*** Opening DATA SEGMENT ***
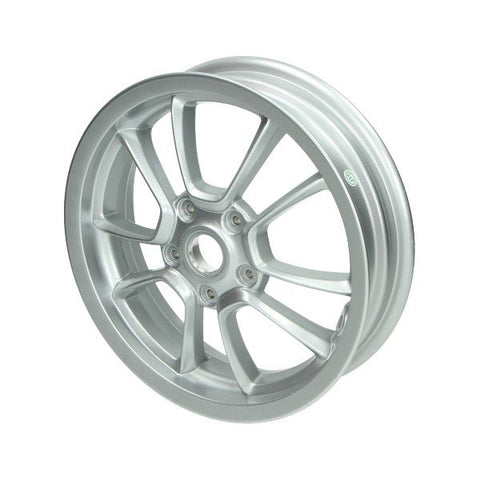 Voorwiel Piaggio 1c003570r 12 inch zilver – Vespa Primavera 50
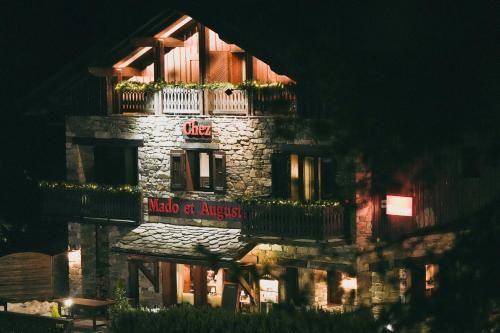 Auberge La Table D' 2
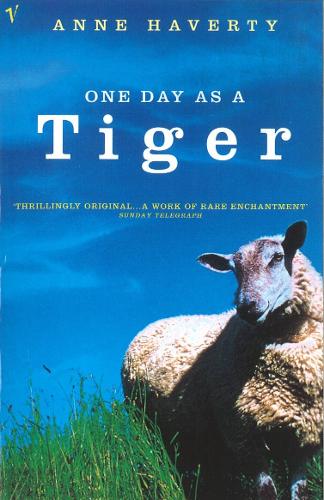 Бумажная книга «One Day As A Tiger», автор Энн Хэверти - фото №1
*** Closing DATA SEGMENT ***
## WHAT THIS TASK INVOLVES:
Make an exact copy of the whole listing, but don't bring over any pictures.

## RESULT OF THIS TASK:
 Voorwiel Piaggio 1c003570r 12 inch zilver – Vespa Primavera 50
 Auberge La Table D' 2
 Бумажная книга «One Day As A Tiger», автор Энн Хэверти - фото №1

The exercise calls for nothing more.